June 3, 2014 8:11 am

KENT, personally, I don’t think they will succeed with OTH. It’s a nice concept, but there are too many factors working against it. For one, standing off will increase the transit time, no matter how people wish otherwise.

Doctrine wise, there is also the problem of how the marines deploy. As much as people imagine scenes of “Saving Private Ryan”, where they used landing craft as assault boats, the USMC does NOT work that way. Their doctrine is an AAV landing first, then solidifying an infantry parameter around the beachhead where the LCUs and LCACs land in safety, so no matter how macho your LCUs are, they will not be risked because they are your long term lifeline to the ships. You can lose all of the AAVs, and it won’t matter too much if you managed to secure the parameter for the follow up echelon. Lose your LCUs on the other hand, and your supplies will face a bottleneck for days if not weeks.

This means that the OTH limiter is the AAV, not the LCU, because you can only go as fast as your point men.

Ambitious concept, impressive in a way. But maybe too ambitious.

Kibbitz already knows my opinion on the LCU-F. Nice concept. Can the hardware and the usage live up to the expectation? I have my doubts.

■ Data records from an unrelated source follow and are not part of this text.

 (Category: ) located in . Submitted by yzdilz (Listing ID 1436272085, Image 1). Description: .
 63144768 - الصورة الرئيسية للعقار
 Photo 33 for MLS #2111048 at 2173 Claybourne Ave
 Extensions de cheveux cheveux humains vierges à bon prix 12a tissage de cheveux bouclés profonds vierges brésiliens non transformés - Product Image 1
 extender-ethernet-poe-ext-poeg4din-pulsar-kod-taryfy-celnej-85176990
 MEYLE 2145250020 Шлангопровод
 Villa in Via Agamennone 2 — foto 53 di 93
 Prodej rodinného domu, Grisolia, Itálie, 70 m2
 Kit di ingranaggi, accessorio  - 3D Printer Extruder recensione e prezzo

Sometimes I get the feeling that Americans like to go for techy solutions without considering usage and doctrine. The LCS is one such item left without a concept of ops, same with this “improved” LCU-F when the most critical chokepoint isn’t LCU speed but the initial entry AAVs which were supposed to have been replaced with the EFV before they saw the price tag for one and canned the project.

Want to take bets that this OTH fad will go nowhere in the end? The most they can get out of it is probably a heliborne assault.

June 3, 2014 8:23 am


My bet is that the main consequence will be the landed force, seldom exceeding a MEU. Vertical ops will become the mainstay, but to have a s ignificant force gathered that way will risk “half” of the navy… well, not all of it, but the amphibiosity realted assets.

June 3, 2014 8:58 am

@ GNB, if you live in UKland then the plods do not carry guns as part of their uniform. This is a very good start to avoiding paramilitary delusions, plods are basically benign. Where I live we call them Wallopers, they do carry as part of their uniform.

June 3, 2014 9:09 am

If you’re doing a landing, and you need to do it OTH, you shouldn’t be doing it.

June 3, 2014 10:27 am


Doesn’t that mean our entire doctrine for amphibious warfare is wrong?

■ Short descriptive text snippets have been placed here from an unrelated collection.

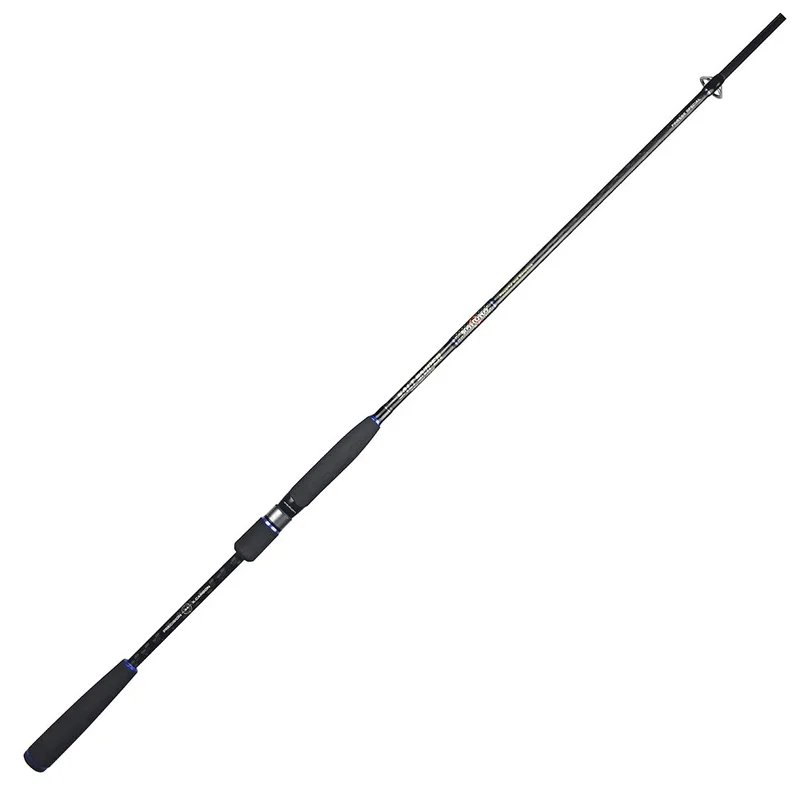 pacificpeche-1862626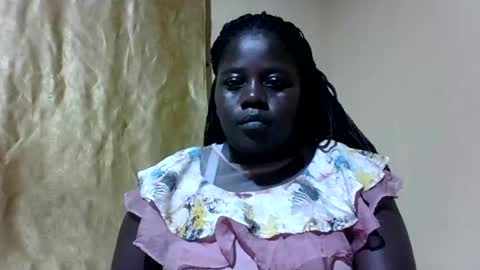 skyra1 online show from 12-25-24, 12:05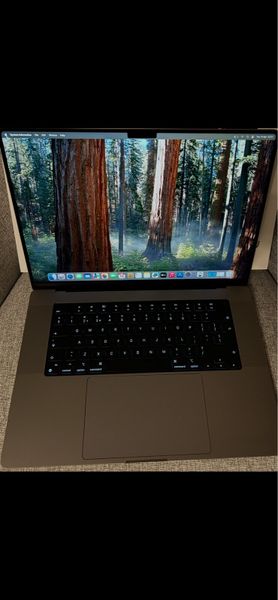 second hand macbook pro m1 | 59 All Sections Ads For Sale in Ireland ...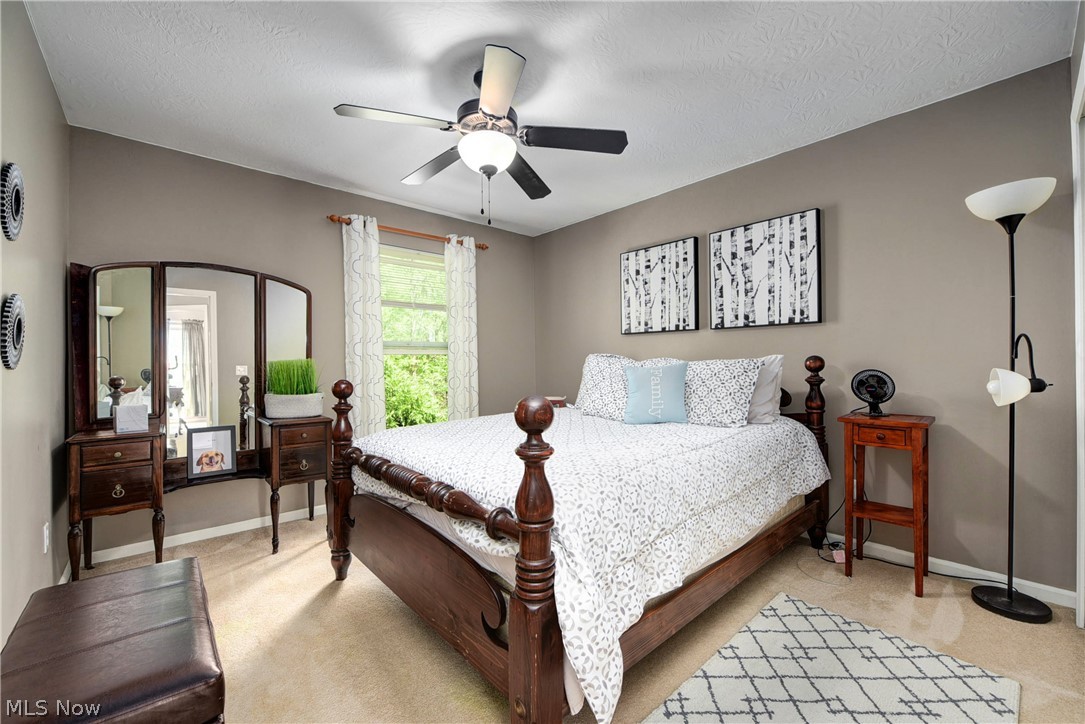 Waterford Crossing - Residential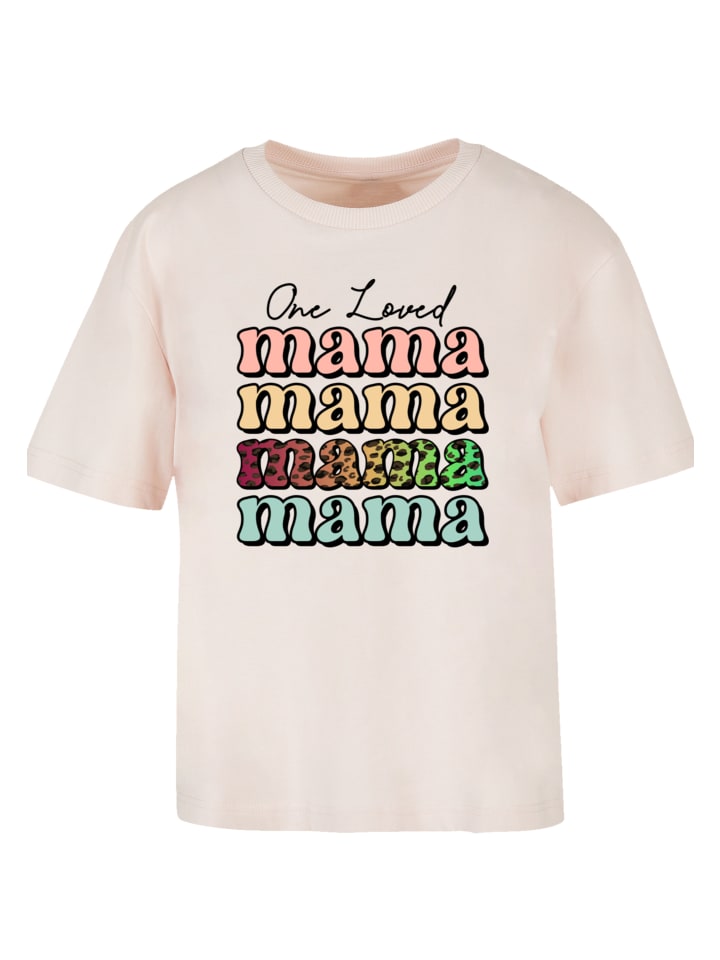 Футболка F4NT4STIC, розовый 
Футболка F4NT4STIC, розовый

Surely you’d always choose to keep your “motherships” at arms reach?

June 3, 2014 11:16 am

Simon, the doctrine as you so fondly call it currently is NOT to leave the “mothership” at arms reach. The “arms reach” concept is the new guy on the block in response to perceived improved shore defences. And Phil has a point. If the enemy has moved anti-ship missiles to your area of ops, your cover is pretty much blown and you’re going to end up facing a contested landing, which is a no-no for this kind of ops and a sure sign to pack it up and try again some other day somewhere else.

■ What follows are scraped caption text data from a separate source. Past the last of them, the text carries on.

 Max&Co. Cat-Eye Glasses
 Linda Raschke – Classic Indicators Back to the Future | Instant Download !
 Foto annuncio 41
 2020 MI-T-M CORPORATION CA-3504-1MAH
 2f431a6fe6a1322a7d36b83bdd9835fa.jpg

Talking from the point of USMC tactics that is. Not sure how your RM does it.

June 3, 2014 11:55 am

TD, thanks, but there really isn’t much talk about how the RM does entry other than LCU and helo. Though I can see some basic differences in doctrine already between the RM and USMC.

The Americans build up their force on the beach to hit a port with infantry and vehicles while you guys simply move in once you land with almost pure infantry (because the initial battalions are all that is going in there).

Interesting. It would mean that your forces have a tendency to hit their targets faster while the US is a bit slower but hit harder because of the buildup. Something for any exercise OPFOR to keep in mind.

June 3, 2014 12:19 pm

@ Obs

I wonder if the shadow of the Dieppe raid, still falls on UK Amphibious planning?

If you look at the Falklands War, the Argentinians had been trained by the USMC and used the same doctrine, so they landed fairly close to Port Stanley. And then expected us to do the same. We didn’t, landing miles away. The Grand Plan was to use Helicopters to move forward. That plan went down with Atlantic Conveyor! So we had to walk!

June 3, 2014 12:30 pm

If your oppo’s strength is about 30, straight to objective is probably a good choice.

Didn’t the argy Marines pretty much withdraw after the initial days (the main units being kept near the southern airbases) and the show was left to be run by some good-old infanteers (I won’t say cavalry men, to avoid offending RT)? They fought the campaign WW1 or 2 style and did not even understand the range/ logistics requirements of effective air cover.

Kibbitz Van Ogle
June 3, 2014 12:36 pm

OBSERVER: With OMFTS and STOM on Marines’ desks since the mid-90s, no more building up stuff on the exposed beach if you can at all help it. STOM = Ship To Objective Maneuver versus congregating on the beach somewhere waiting for a few Enduro-delivered mortar rounds to spoil the day.

– no “Beach Head”,
– no “Private Ryan Scenario”

Remember the article explicitly speaking of as many insertion-points as you’d have LCU-F and LCAC-2.
And remember full GCE-style ‘First Wave’ i.e. all frontline combat assets delivered in those many locations pretty much at once (!) for maximum surprise and virtual attrition.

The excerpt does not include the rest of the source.